[Problem requirements]
From the records below, output exactly the lines starting at the line with "If you have attended" and ending at the line with "And if you have", both of them included, but no pictures.

[Data to use]
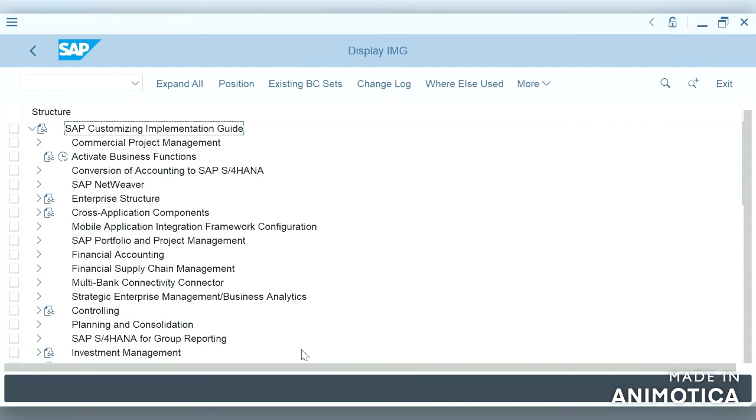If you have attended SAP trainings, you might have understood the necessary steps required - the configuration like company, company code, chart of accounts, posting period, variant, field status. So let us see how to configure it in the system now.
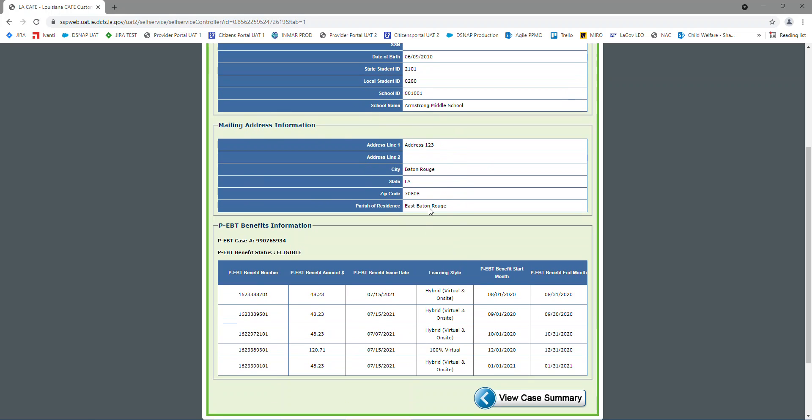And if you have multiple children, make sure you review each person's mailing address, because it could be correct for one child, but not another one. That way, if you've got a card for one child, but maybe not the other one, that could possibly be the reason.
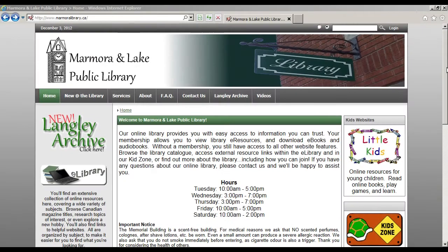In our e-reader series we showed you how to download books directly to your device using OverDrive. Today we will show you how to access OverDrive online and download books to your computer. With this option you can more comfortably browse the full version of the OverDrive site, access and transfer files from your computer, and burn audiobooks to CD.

...

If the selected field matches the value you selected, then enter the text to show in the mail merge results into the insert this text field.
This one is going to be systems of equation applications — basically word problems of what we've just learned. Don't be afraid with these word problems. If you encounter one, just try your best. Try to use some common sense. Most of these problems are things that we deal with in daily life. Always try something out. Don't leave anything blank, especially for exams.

--

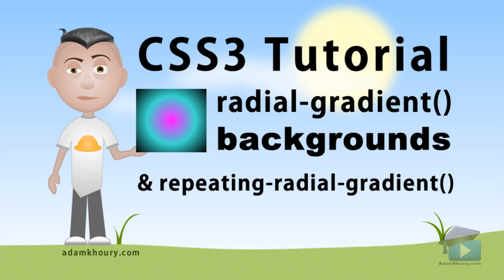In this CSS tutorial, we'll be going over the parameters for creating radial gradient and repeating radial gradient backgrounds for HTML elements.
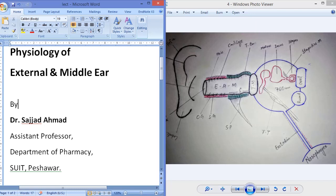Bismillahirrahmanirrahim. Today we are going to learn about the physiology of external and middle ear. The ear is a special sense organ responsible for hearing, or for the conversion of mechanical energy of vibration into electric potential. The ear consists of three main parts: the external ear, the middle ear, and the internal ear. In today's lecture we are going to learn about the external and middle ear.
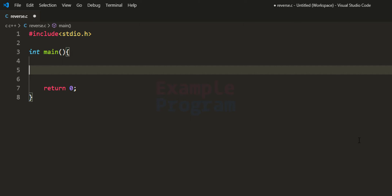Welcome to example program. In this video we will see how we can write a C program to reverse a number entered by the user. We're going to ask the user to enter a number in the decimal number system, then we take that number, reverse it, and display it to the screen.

[Answer area]
If you have attended SAP trainings, you might have understood the necessary steps required - the configuration like company, company code, chart of accounts, posting period, variant, field status. So let us see how to configure it in the system now.
And if you have multiple children, make sure you review each person's mailing address, because it could be correct for one child, but not another one. That way, if you've got a card for one child, but maybe not the other one, that could possibly be the reason.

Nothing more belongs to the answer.